Germany was left meeting the technical definition of a recession after the Destatis statistics agency revised its estimate of first-quarter gross domestic production to a 0.3% quarterly contraction, from a previous estimate of growth.
“It took a couple of statistical revisions, but at the end of the day, the German economy actually did this winter what we had feared already since last summer: it fell into a technical recession. It’s not the worst-case scenario of a severe recession but a drop of almost 1% from last summer,” said Carsten Brzeski, global head of macro at ING.
Salomon Fiedler, an economist at Berenberg Bank, said the real surprise wasn’t so much that Germany was in a recession, but that the statistics agency initially didn’t think so after the heavy hit to disposable incomes from sky-high energy and food prices.
There also was a drop in car purchases after the discontinuation of grants for plug-in hybrids and reduction of grants for electric vehicles, he noted. But from the summer, wages and income will likely outpace inflation, raising German purchasing power.

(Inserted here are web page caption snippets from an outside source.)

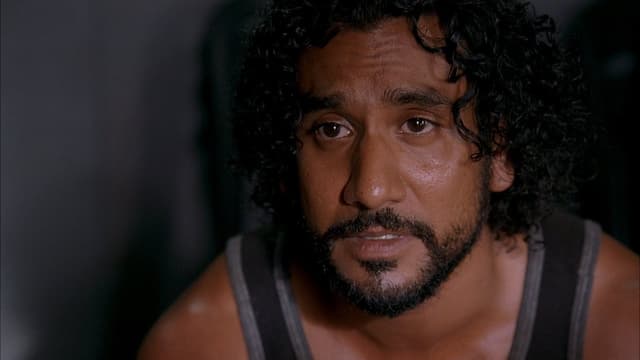 assista ao episódio 3 da temporada 4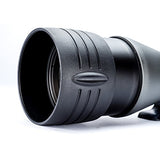 Telescopio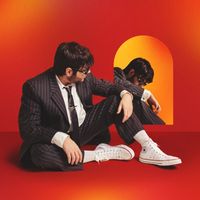 FERMIN - ELEMENTO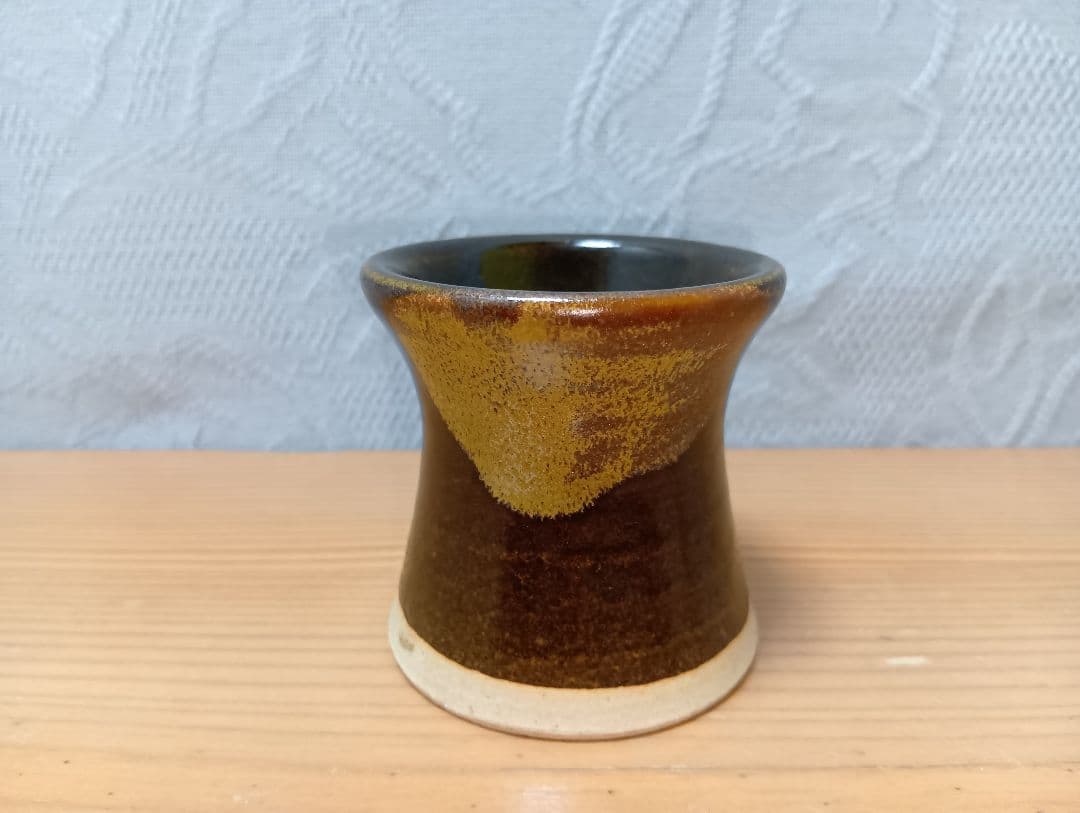 茶道具セット 木製収納ケース付き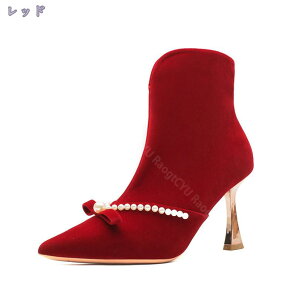 777~OFFN[| fB[X u[eB[ V[gu[c TCht@Xi[ XEF[h sq[ 8Z` nCq[ ɂȂ ₷  t H ~ r₹ r GKg 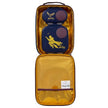 B.Box Flexi Insulated Lunch Bag WB Harry Potter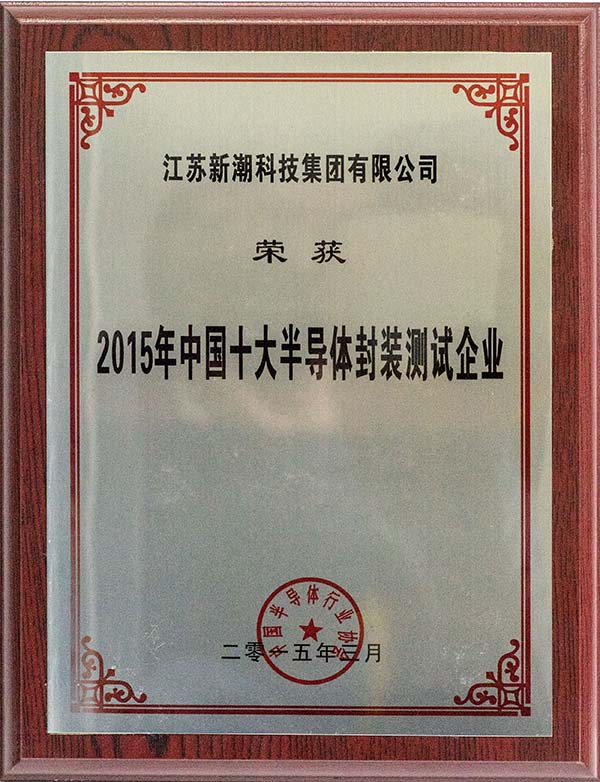 pg������Ϸ(����)�ٷ���վ-APP����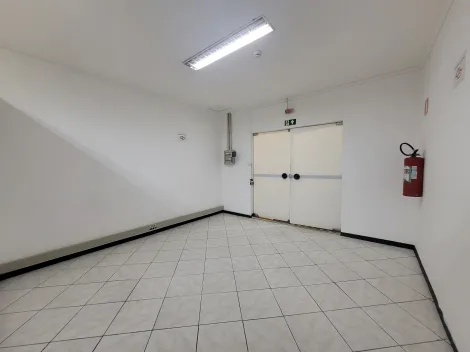 imagem 1 - Sala comercial corporativa para locação com 391,96m² no bairro Jardim Aquarius imagem 1 - Sala comercial corporativa para locação com 391,96m² no bairro Jardim Aquarius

Christian Schulz, deputy chief European economist at Citi, said private consumption fell by 1.2% after a 1.7% deterioration in the fourth quarter. He said there are hopeful signs, as consumer confidence rose in May, driven by a drop in savings intentions and higher income expectations.
“Our hopes for a growth acceleration in 2023 rest on a rebound in consumer spending,” he said.
The euro
EURUSD,
did weaken a bit after the German data was published, as the shared currency fetched $1.0734, down from $1.0752 on Wednesday.